Expect more warfare, more welfare, more deficits, and more tyranny if Pawlenty is elected.
I know little of him, but I know that what he had to say shows that he's going to be more of the same.
I think your making a big mistake. Ron Paul is too "out there" for many independents. Granted, the gap between him and independents has narrowed, its still too much to overcome. I love the guy. He's simply NOT electable. Pawlenty will get you more of what you like in Paul than any other candidate.
The Pawlenty plan ie based on the assumption that the economy will grow at 5% per year and the bigger economy would generate more revenue even at the lower tax rates. To try to put some scale to the assertion, if the economy grew at a sustained 5% for 8 years, it would grow by 48% of the original size. (Assuming the growth compounds)
Wonderful. Yes. Realistic? I looked up the history at the Bureau of Economic Analysis. (bea.gov) if you want to check my numbers, I used the spreadsheet gdpchg..xls Here’s the score.
H.W Bush averaged exactly 2% growth in his 4 years.
Bill Clinton averaged 3.65% growth in his 8 years.
Shrubbie averaged 1.62% growth in his 8 years.
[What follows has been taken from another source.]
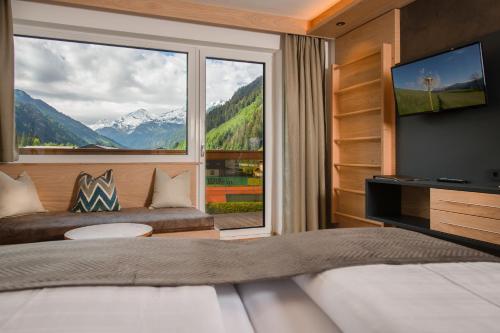 a bedroom with a bed and a large window at Hotel Alpina in Rauris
Clinton was the last president to have a balanced budget, done with higher taxes. Of the three recent presidents, W, with tax cuts for the rich came the closest to the Pawlenty plan. None of the GOP candidates mentioned that President Obama has not raised taxes.
A note on method – I don’t know SOP for economists, but I ‘bumped’ the count by one year on the assumption that changes in policy don’t show in the first year. HW was president from ’89 to ’92. But I credited him with the economy from ’90 to ’93. This gave HW credit (or blame) for Clinton’s first calendar year, but I used the same method throughout the calculations.
"Plans for economic growth or cutting government spending always rely on the future. That's the problem! They need to deal with it NOW -- none of this "cutting 20% over 15 years" or "expected growth over 5 years"! Deal with it now".
Ron Paul is the man.
So--we're going back to Voodoo economics....again? How many times before you get that it doesn't work?
And 5% growth has NEVER been sustained....EVER.
He's gonna have to come up with a dooozy for that one.....let him try.
He's not tough. Tough would be actually asking those who make a lot pay a lot....he is suggesting just the opposite.
I'm still waiting for that trickle I was promised I would see in the 80's I am beginning to believe that someone built a pretty big dam way above my head.
If next year the American people pull the plug on the Obama presidency, mark down the past week as the beginning of the end . . . and what looks like the real beginning of Tim Pawlenty's candidacy.
Incumbency isn't merely a function of political inevitability but of the fact that a presidency commands potent tools of self-restoration. Barack Obama's decision to kill Osama bin Laden was one such weapon. But we now see that this welcome May Surprise was insufficient to thwart the one force bigger than the American presidency—the U.S. economy. As of this week, it's looking like a long mudslide through the economy to November 2012.
Barack Obama's worst week was about more than bad data. The two great legislative monuments to the first Obama term, the remaking of the health-care industry and the Dodd-Frank financial reform, look like they've got serious structural cracks. A McKinsey report estimates that a third of employers will abandon their health-insurance plans come 2014. On Tuesday, The Wall Street Journal reported that the failure (or inability) of Dodd-Frank's regulatory arm to write new rules for the $583 trillion derivatives market has the financial sector in a panic over its legal exposure.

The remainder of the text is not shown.